Swaps and Substitutions
The beauty of this recipe is that it bends to whatever you have. Swap chicken for Italian sausage if you want something richer, or use shrimp for a lighter, faster option. No heavy cream? Half-and-half or even a splash of milk with a little butter works. If you're out of mozzarella, try cheddar for sharpness or crumbled feta for tang. Even the vegetables are negotiable, I've used mushrooms, asparagus, and kale with equally delicious results.
Storing and Reheating
Leftovers keep beautifully in an airtight container in the fridge for up to three days. When reheating, add a splash of milk or water to the pan and warm it gently over medium-low heat, stirring often. The sauce will come back to life and taste just as creamy as the first time. I've even eaten it cold straight from the container at midnight, and it still delivered comfort.
Pairing and Serving Suggestions
This pasta is rich enough to stand alone, but a simple arugula salad with lemon vinaigrette cuts through the creaminess perfectly. If you want to make it feel fancy, serve it with garlic bread or a crusty baguette to soak up every last bit of sauce. A crisp white wine like Pinot Grigio or Sauvignon Blanc is the ideal partner, though I've also enjoyed it with sparkling water and a wedge of lime.
- Try adding a pinch of red pepper flakes if you like a subtle kick of heat.
- Double the garlic if you're feeling bold, it never hurts in a dish like this.
- Garnish with extra lemon zest and a drizzle of good olive oil for a restaurant finish.
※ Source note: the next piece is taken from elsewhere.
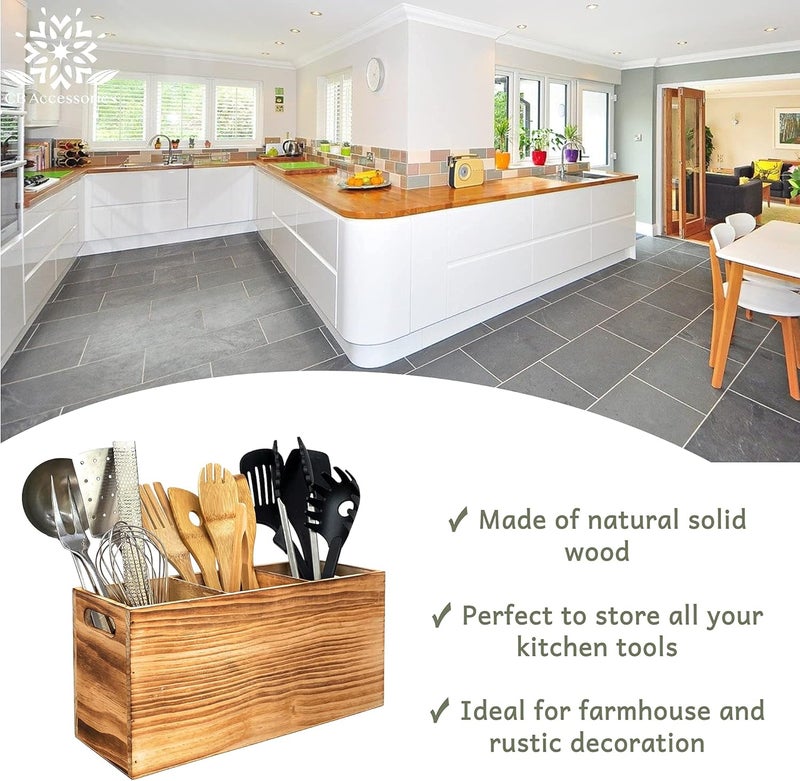 CB Accessories Wood Utensil Holder Organizer for Counter - Large Wooden Utensil Caddy for Countertop - 3 Compartment Cooking Tool Storage for Spatula - Farmhouse Kitchen Decor and Accessories - Image 5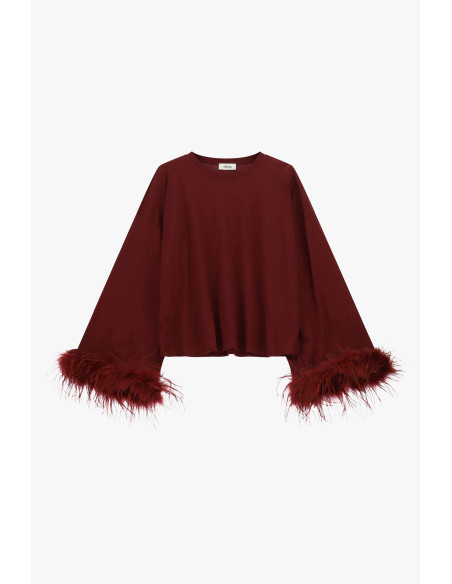 Maglia A Maniche Lunghe Con Polsini In Piume Dixie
Save This recipe taught me that the best meals don't always come from a planned menu, sometimes they come from trusting your instincts and using what you have with love. I hope it clears your fridge, fills your belly, and reminds you that cooking is allowed to be messy, flexible, and fun.
Recipe FAQs
- → Can I substitute the chicken with other proteins?
Yes, cooked sausage, shrimp, or plant-based proteins like chickpeas work well to fit your preferences.
- → What pasta types are best for this dish?
Short pastas like penne or fusilli hold the sauce nicely, but feel free to use your preferred shapes.
- → How can I make the sauce creamier without heavy cream?
Substituting half-and-half or a soft cheese can add creaminess with a lighter touch.
- → Is it possible to prepare this dish vegetarian?
Omit the chicken and add extra veggies or legumes like chickpeas to maintain protein and flavor.
- → What herbs complement the flavors in this dish?
Dried Italian herbs and fresh basil add aromatic depth and brighten the overall flavor.